- **ASSIGNMENT**: In the listing below, the lines starting with the line with "A man in a dark" and going on through the line with "a view of a" are to be reproduced exactly, and only those.

- **EXERCISE DATA**:
--*--
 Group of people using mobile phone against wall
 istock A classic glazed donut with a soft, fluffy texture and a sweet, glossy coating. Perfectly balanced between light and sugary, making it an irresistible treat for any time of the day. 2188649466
--*--
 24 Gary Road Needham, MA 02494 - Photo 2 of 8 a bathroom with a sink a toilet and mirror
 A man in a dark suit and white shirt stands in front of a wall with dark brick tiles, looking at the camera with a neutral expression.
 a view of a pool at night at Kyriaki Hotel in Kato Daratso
--*--
- **ANSWER TO THIS EXERCISE**:
 A man in a dark suit and white shirt stands in front of a wall with dark brick tiles, looking at the camera with a neutral expression.
 a view of a pool at night at Kyriaki Hotel in Kato Daratso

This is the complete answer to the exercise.